De leur côté, les booktubers expérimentés mettent un point d’honneur à garder leur indépendance. « Je n’ai pas envie de parler d’un livre parce qu’on me le demande », insiste Nine. Au départ, Treky n’était pas très favorable aux partenariats avec les maisons d’éditions, « mais certaines sont très correctes dans les relations, je veux pouvoir lire ce que je veux ».

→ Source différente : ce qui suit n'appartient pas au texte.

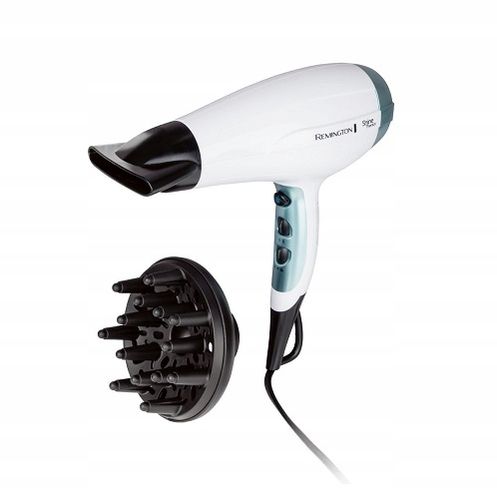 Suszarka do włosów REMINGTON D5216 SHINE THERAPY na Arena.pl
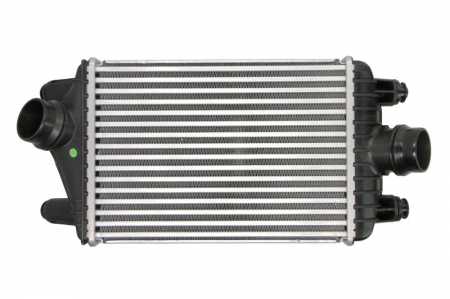 Compresor intercooler potrivit PORSCHE 911 3.8 09.13-05.20 [0]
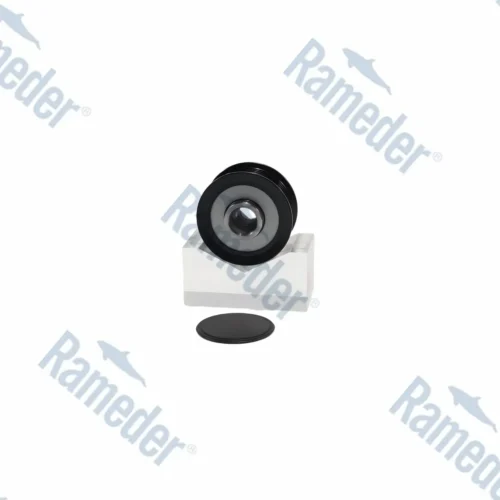 Шкив генератора RAMEDER 60A280008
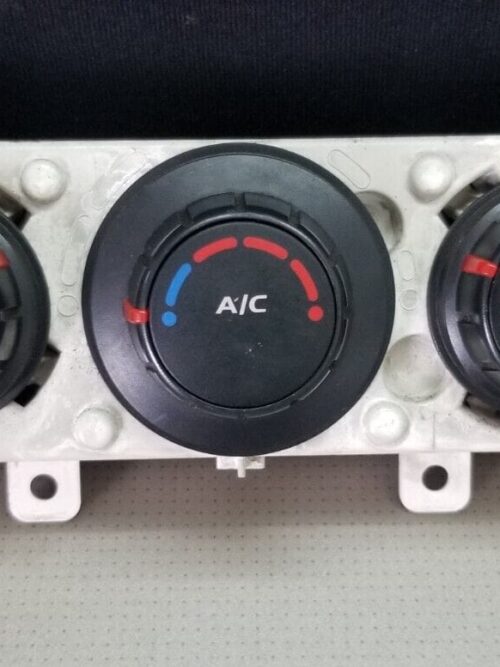 Renault Master Climate Control Unit 275107490R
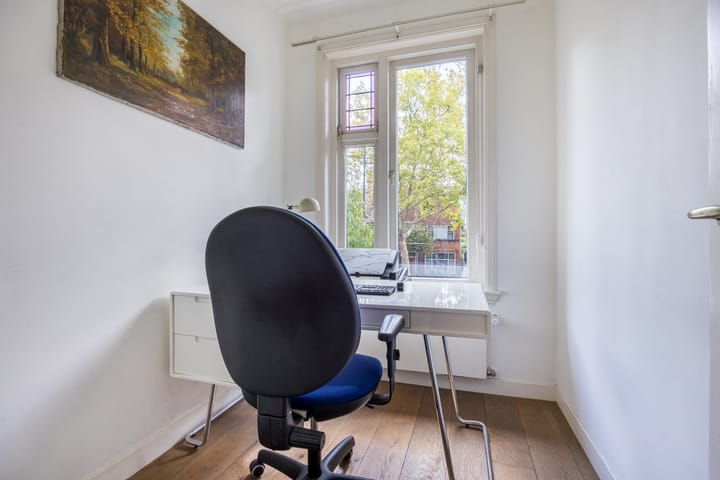 Foto 27 van De Sitterlaan 70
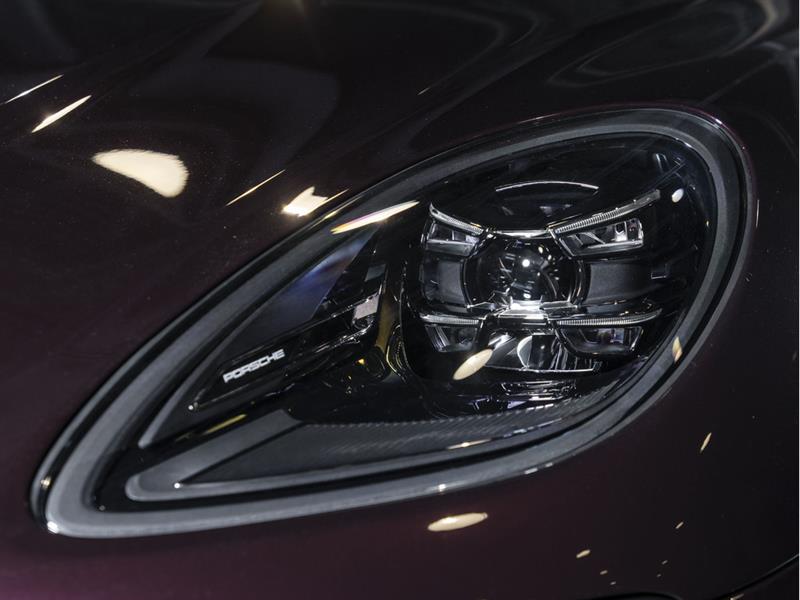 porsche Macan 2025 - 14
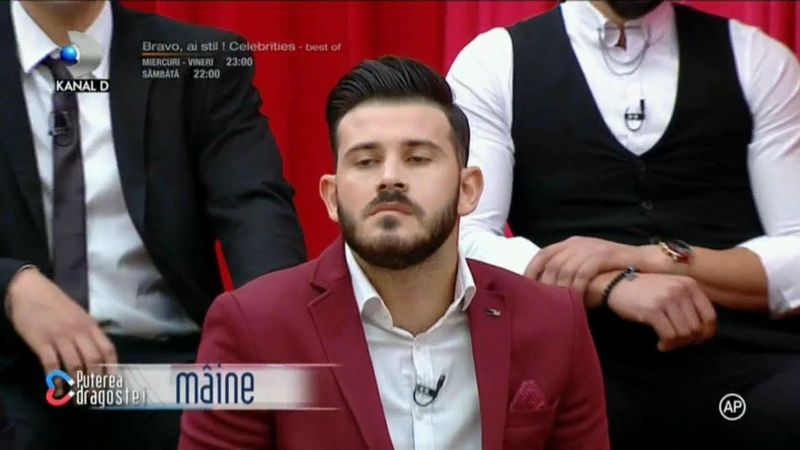 Puterea dragostei 2 august: Alexandra, la un pas să se ia la bătaie cu Akebono. Cristina Mihaela intervine între ei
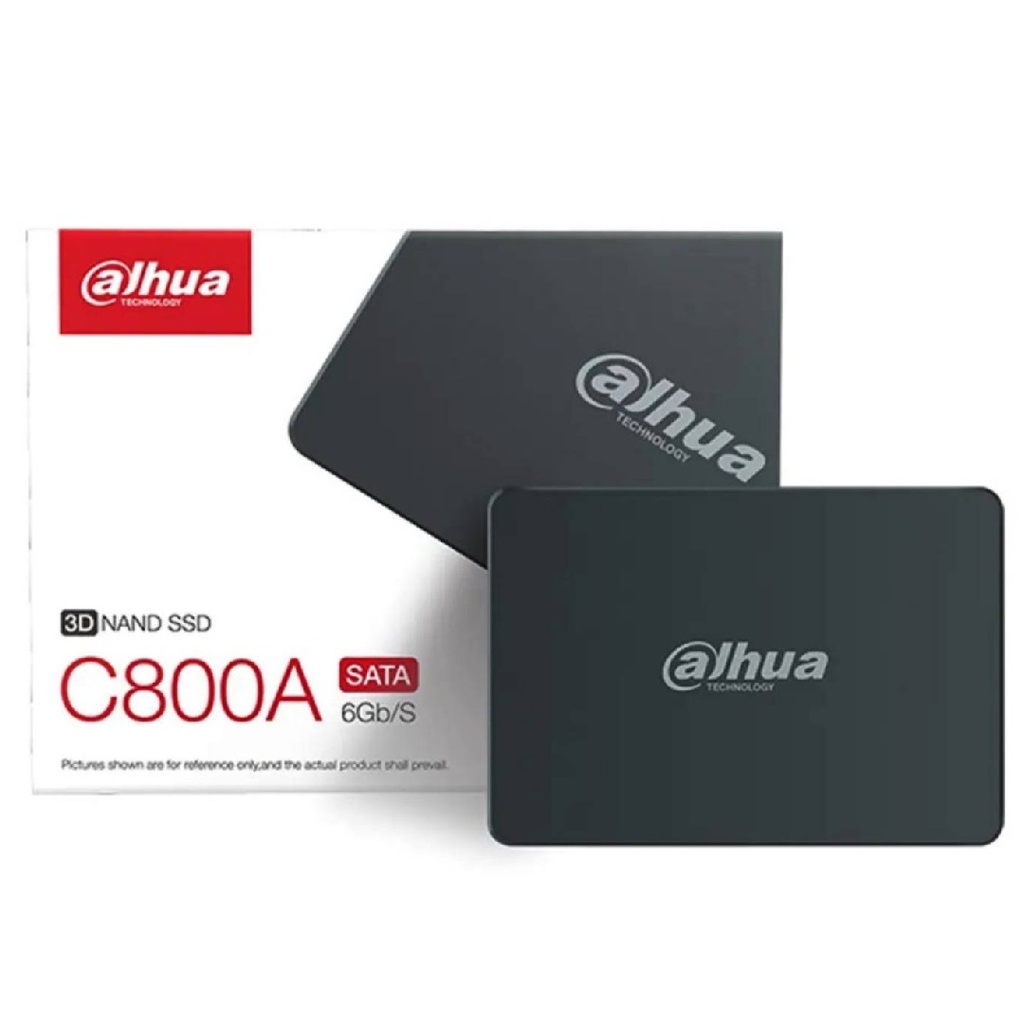 Unidad Estado Solido Dahua SSD 960GB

D’autant que booktubeur n’est pas un métier, mais avant tout un travail de passionnés. Les chroniqueurs réalisent généralement leurs vidéos seuls. « Je suis un peu geek, j’ai appris à maîtriser les logiciels de montage toute seule », lance Bulledop. « On utilise les lois de Youtube, en faisant des vidéos dynamiques, avec beaucoup de découpages et de la musique » et ça demande du temps. Une demi-heure pour tourner, cinq à six heures de montage, sans compter le temps de lecture et celui passé sur les réseaux sociaux. « Quand j’étais étudiante, j’avais le temps de faire deux vidéos par semaine, depuis que je travaille, je n’en fais plus qu’une », confie Émilie.
Beaucoup d’efforts pour peu de récompenses. L’activité de booktubeur n’est pas très lucrative, seul Youtube verse une rémunération en fonction du succès des vidéos. « Aux États-Unis il y en a qui en vivent, mais en France on est loin de se faire un salaire », confie Nine. « Tout ce que je gagne, je le réinvestis dans du matériel vidéo, c’est du bonus pour m’améliorer ». Être booktubeur peut aussi permettre de se faire connaître du milieu littéraire. Peu après son diplôme, Émilie a été embauchée chez un libraire. « Ils m’ont donné m’a chance pour ça », selon elle.
Désormais, les booktubeurs commencent aussi à lier des partenariats avec des salons du livre, ou des institutions, notamment des collectivités territoriales. Arrivé tardivement en France, le phénomène enfin lancé devrait prendre de plus en plus d’ampleur dans l’Hexagone.